▶ **Exercise aim**
Return the full listing character for character, without its pictures.

▶ **Dataset content**
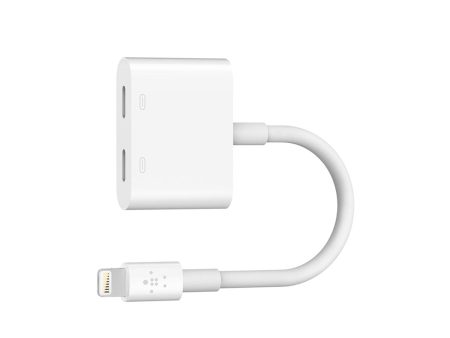 Belkin Lightning Charging Adapter (Lightning Audio + Charge) Online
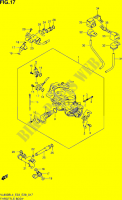 DROSSELKLAPPENGEHÄUSE (VL800BL4 E03) für Suzuki BOULEVARD 800 2014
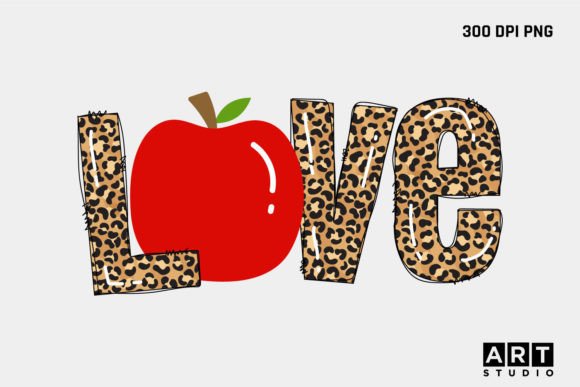 Back to School Love Sublimation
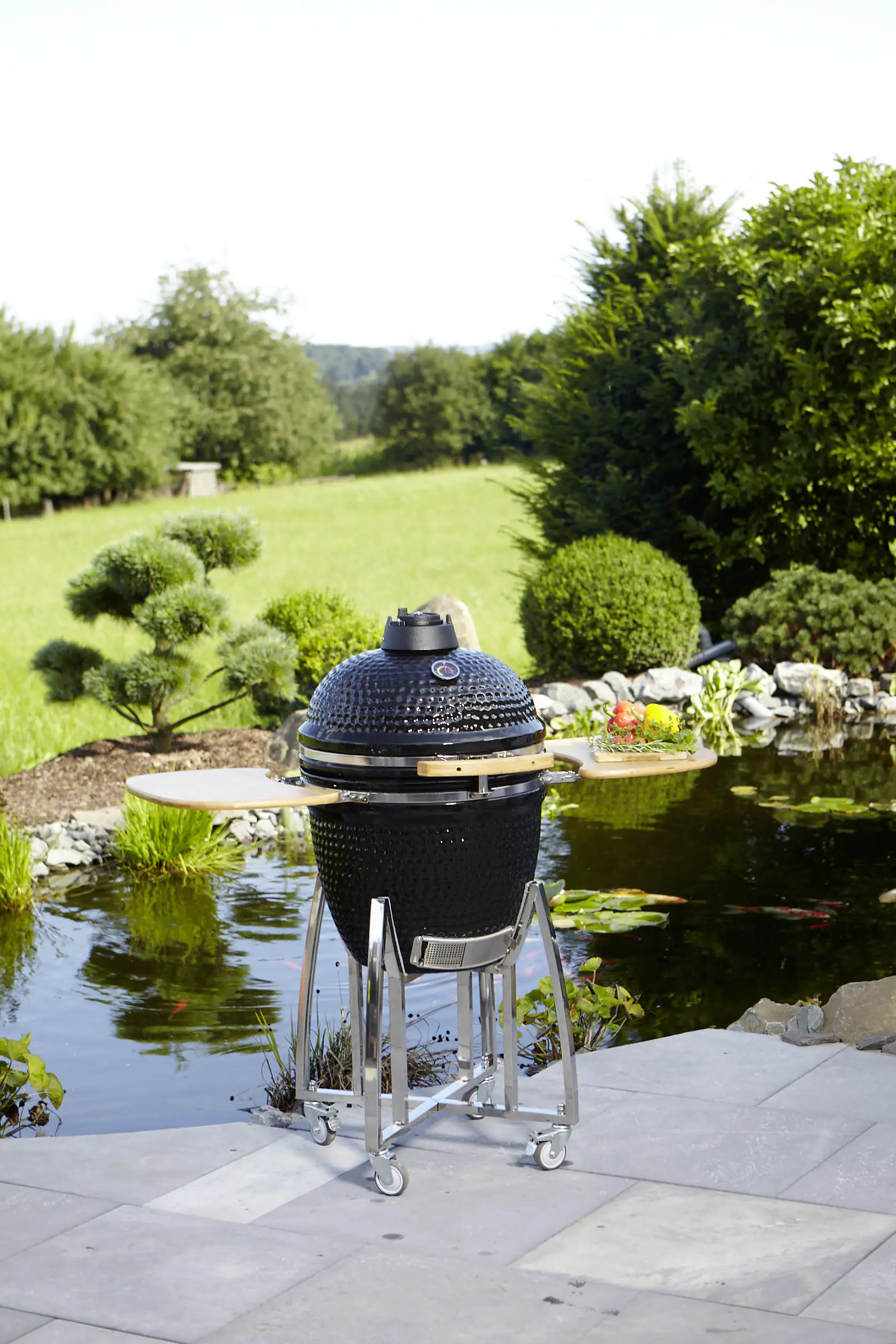 Buschbeck Keramikgrill Kamado Grillrost Ø 46,8 cm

▶ **Answer to this exercise**
 Belkin Lightning Charging Adapter (Lightning Audio + Charge) Online
 DROSSELKLAPPENGEHÄUSE (VL800BL4 E03) für Suzuki BOULEVARD 800 2014
 Back to School Love Sublimation
 Buschbeck Keramikgrill Kamado Grillrost Ø 46,8 cm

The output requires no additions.